Businessman's alleged suicide abruptly ends Zaken cross-examination

Zaken responds to pressure about taping Olmert: "I'm glad I had this joker to play."

Shula Zaken at Talansky Affair retrial where she testified against her former boss, Ehud Olmert (photo credit: GIL YOCHANAN/POOL)
Shula Zaken at Talansky Affair retrial where she testified against her former boss, Ehud Olmert
(photo credit: GIL YOCHANAN/POOL)
Shula Zaken’s third day of cross-examination in the retrial of the Talansky Affair against former prime minister Ehud Olmert in the Jerusalem District Court ended abruptly on Thursday, when she and Olmert began loudly quarreling over the alleged suicide of a businessman known to be close to them and other Likud members.
During the altercation, Zaken angrily accused Olmert of portraying the dead man as only his friend and not hers.

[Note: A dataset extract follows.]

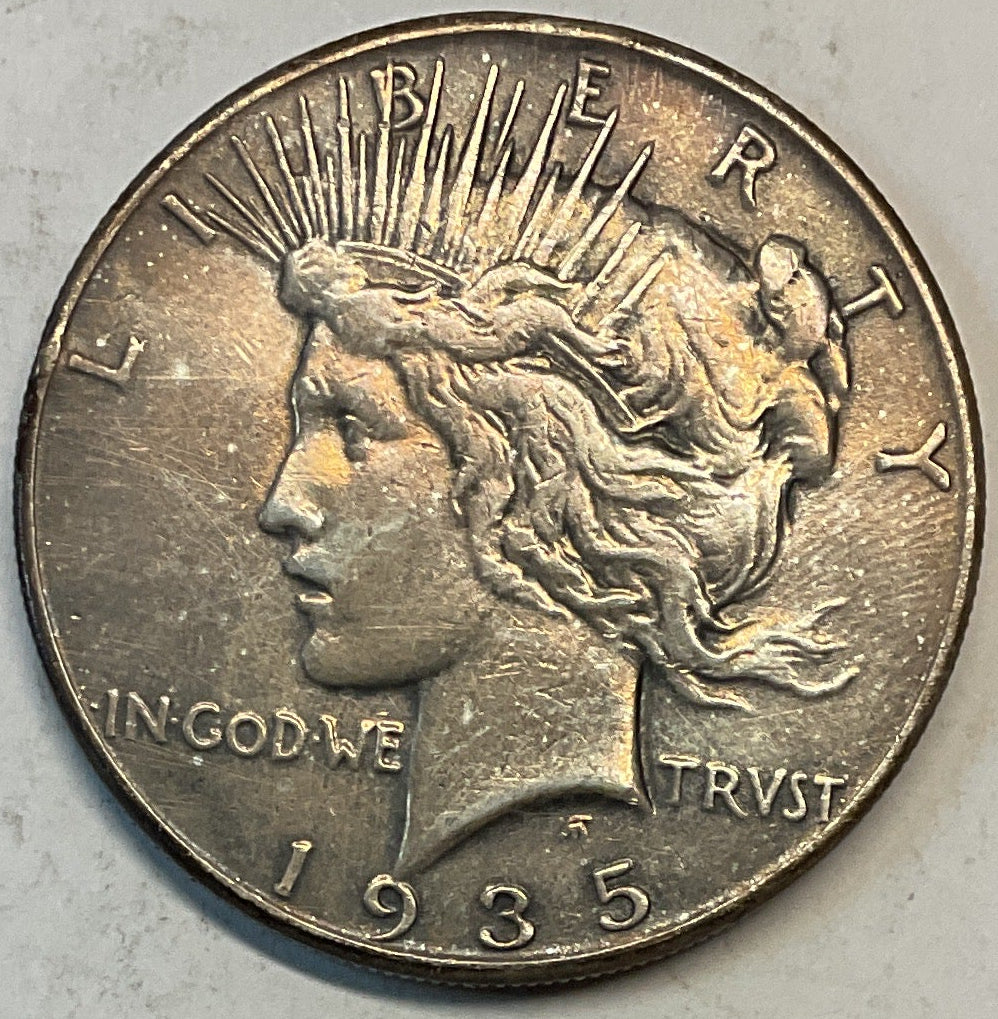 1935 Peace Dollar, Very Fine Circulated Coin, Store #DR0962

In response, Olmert jumped up and accused Zaken of using the dead man’s memory to attack him, saying, “It is not right to give her the chance to tarnish me” upon his death.
Police said the man was found dead with a gunshot wound to the head in his car in an open area near Tel Aviv’s Gival Shaul Cemetery with a handgun nearby, and they ruled it a suicide.
The news of the man’s death had emerged earlier in the hearing and Zaken had requested to postpone further cross-examination, but the court initially refused her request.
The Talansky retrial relates to allegations that Olmert received large volumes of cash in envelopes from US businessman Morris Talansky, which he allegedly illegally used for personal purposes as opposed to permitted political purposes, and did not properly report the funds as political donations.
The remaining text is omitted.